Heavy rains in the Woolsey Fire burn area on Thursday caused a mudslide in Malibu, and area residents were told to evacuate immediately.
The debris flow was reported on Cuthbert Road, between Horizon and Busch drives, Malibu city officials said just after 4 p.m.
Those who live in the area of Busch Drive to Phillip Avenue should evacuate immediately, the city said.
Aerial video showed the mud had streamed down a hillside in the area, inundating streets and lots containing homes destroyed by Woolsey. Houses that did survive the fire were threatened, but the debris flow did not appear to have damaged them.
The city contracted a crew to clean up the streets, and the team would remain on scene overnight, using bulldozers and other equipment to clear area roadways of standing water and mud.
Thomas Donnelly, part of contract crew, said there was a dangerous potential for mudflows even after the rain stopped falling later Thursday night.
“Even when it’s not raining, everything’s still wet and loose up there, so we have guys standing by just watching for mud to come down the hills,” he told KTLA.
Crews were working elsewhere in Malibu to unclog drains and force runoff from roadways.

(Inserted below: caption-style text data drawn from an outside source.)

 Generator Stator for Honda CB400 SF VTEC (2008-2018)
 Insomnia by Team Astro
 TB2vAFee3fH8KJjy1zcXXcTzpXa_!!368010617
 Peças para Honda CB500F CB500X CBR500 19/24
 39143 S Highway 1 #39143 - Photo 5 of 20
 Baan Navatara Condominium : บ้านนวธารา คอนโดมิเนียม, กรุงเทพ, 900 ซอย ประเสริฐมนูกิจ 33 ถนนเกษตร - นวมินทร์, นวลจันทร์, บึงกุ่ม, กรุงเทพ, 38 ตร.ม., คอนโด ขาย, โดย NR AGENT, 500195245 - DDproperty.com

Officials also had to clear a portion of Pacific Coast Highway between Trancas Canyon Road and Morning View Drive, where the right lane became flooded.
Although evacuations were previously ordered in Riverside and Orange counties in neighborhoods charred by the Holy Fire ahead of the storm, Thursday evening's was the first evacuation order issued this week in the Woolsey burn area.
A flood advisory had been in effect through 7 p.m. across eastern Ventura and western Los Angeles counties, and roadway flooding could be expected across the region as a result of brief but heavy downpours, the National Weather Service said.
Other locations that could experience flooding included downtown L.A., the San Fernando Valley, the Santa Clarita Valley and mountains along with areas damaged in last summer's Stone and South fires, in Agua Dulce and Newhall respectively.
Major highways would also be impacted by the storm, and authorities warned of region-wide traffic delays with flooding possible on the 10, 110, 405, 605 and 710 freeways as well as highways 101, 118 and 14.
The Woolsey Fire killed three people and consumed more than 1,600 buildings as it grew to cover 151 square miles before firefighters were able to contain it just over a week ago, on Nov. 21.